DATA RECORDS.
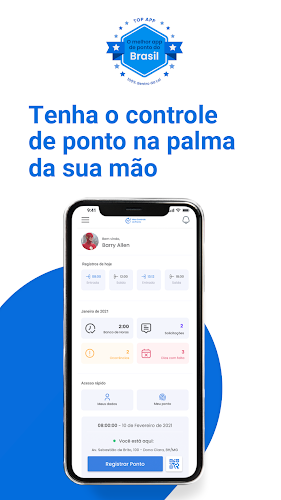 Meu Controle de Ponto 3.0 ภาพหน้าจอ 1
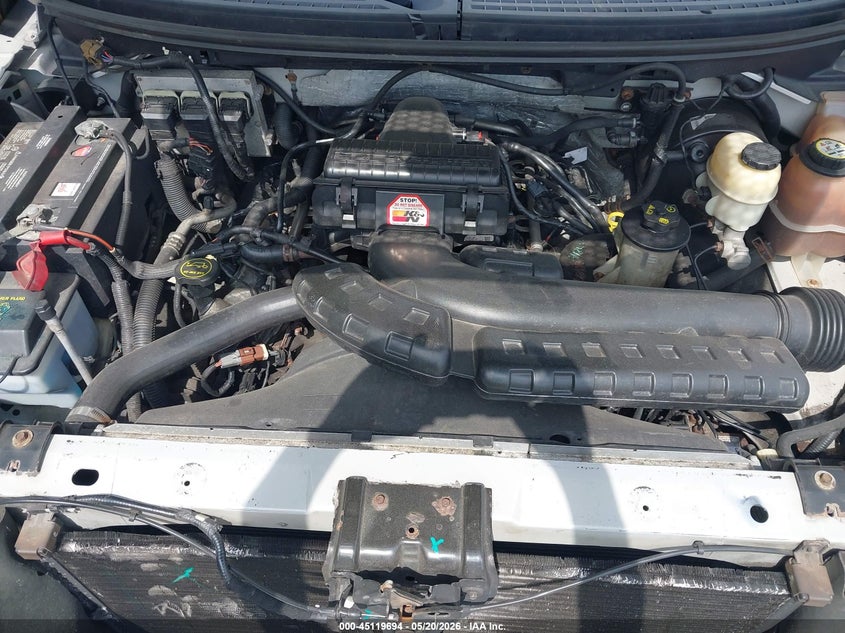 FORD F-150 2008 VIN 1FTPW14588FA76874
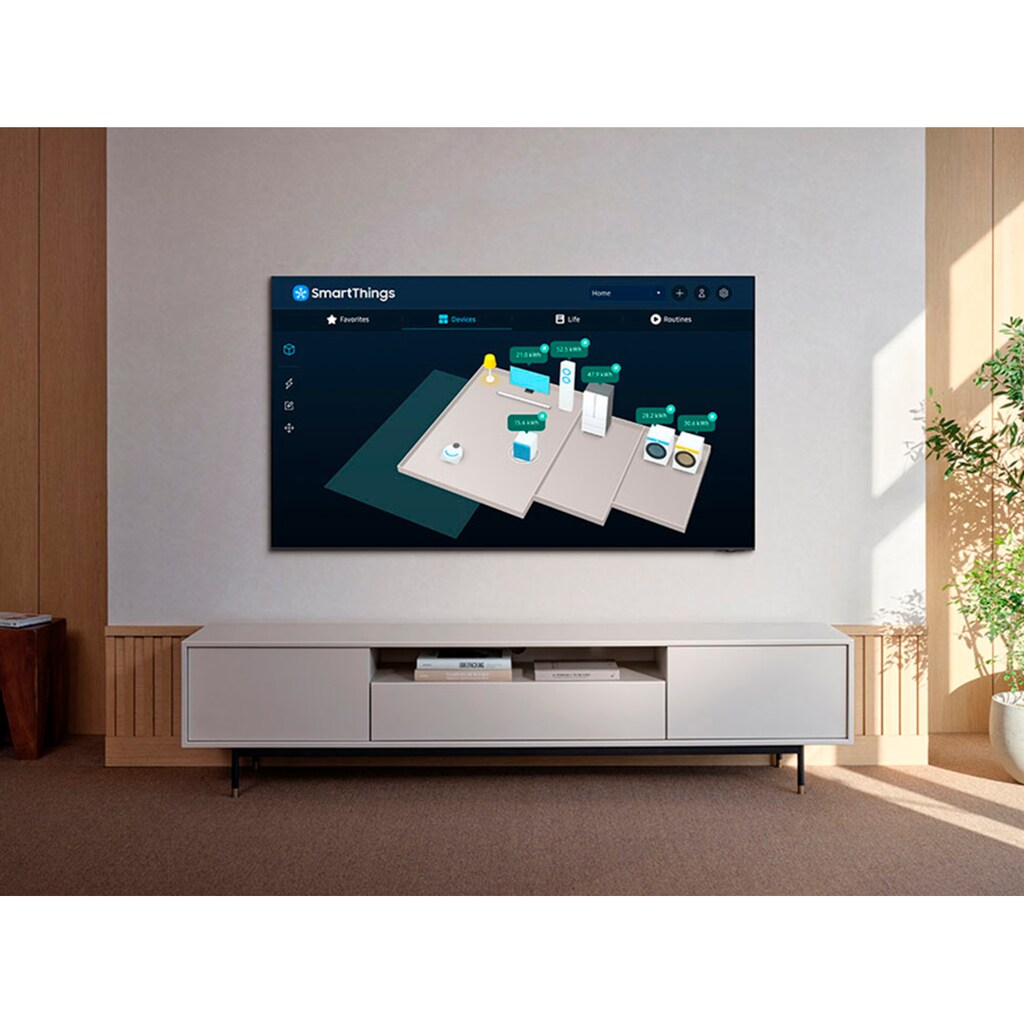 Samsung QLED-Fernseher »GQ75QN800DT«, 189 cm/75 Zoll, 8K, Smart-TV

* * *

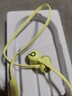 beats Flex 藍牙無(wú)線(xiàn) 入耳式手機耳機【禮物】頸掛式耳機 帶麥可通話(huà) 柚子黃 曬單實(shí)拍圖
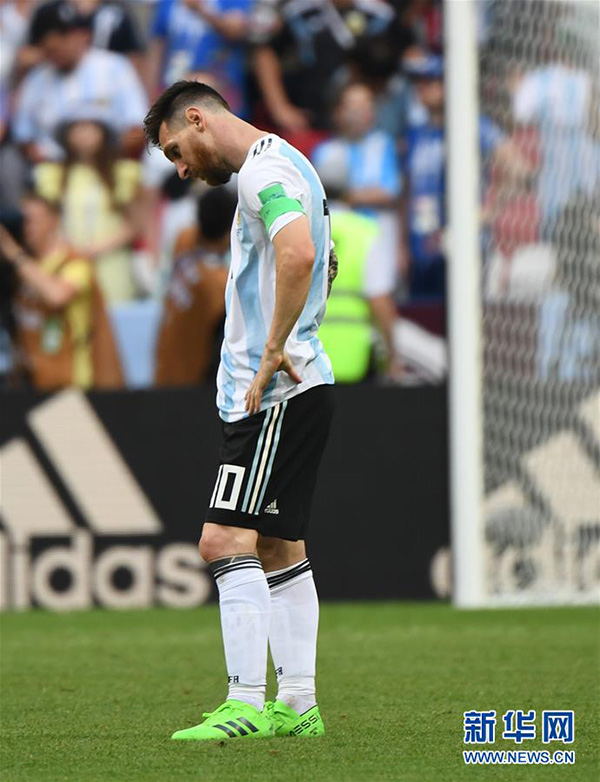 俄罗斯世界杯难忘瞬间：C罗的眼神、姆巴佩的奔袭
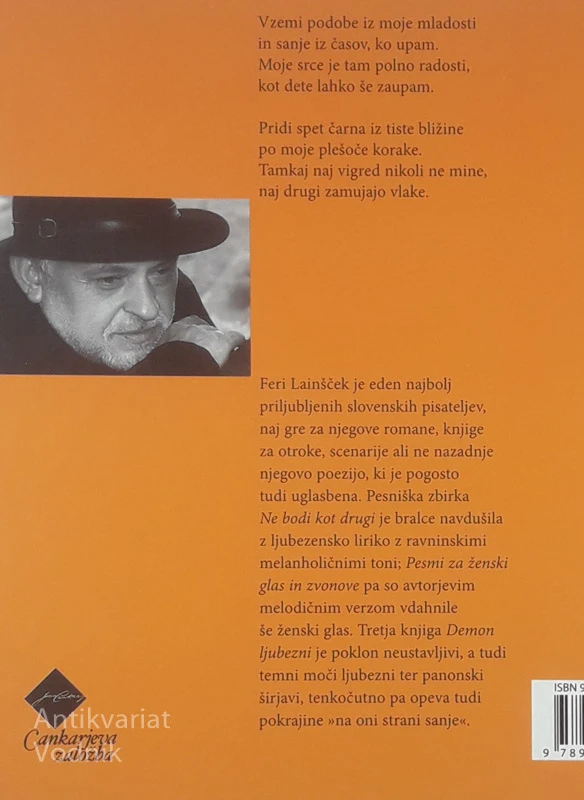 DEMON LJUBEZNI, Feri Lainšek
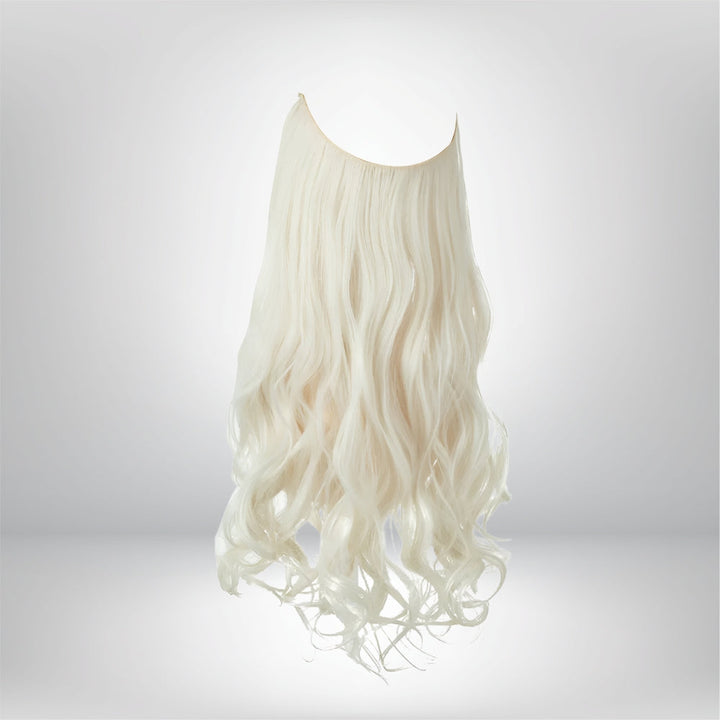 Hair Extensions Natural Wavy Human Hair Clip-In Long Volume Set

PROBLEM REQUIREMENTS.
Return only the part above that opens with the line containing "DEMON LJUBEZNI, Feri Lainšek" and closes with the line containing "Hair Extensions Natural", exactly and with both ends, skipping the pictures.

EXPECTED ANSWER.
 DEMON LJUBEZNI, Feri Lainšek
 Hair Extensions Natural Wavy Human Hair Clip-In Long Volume Set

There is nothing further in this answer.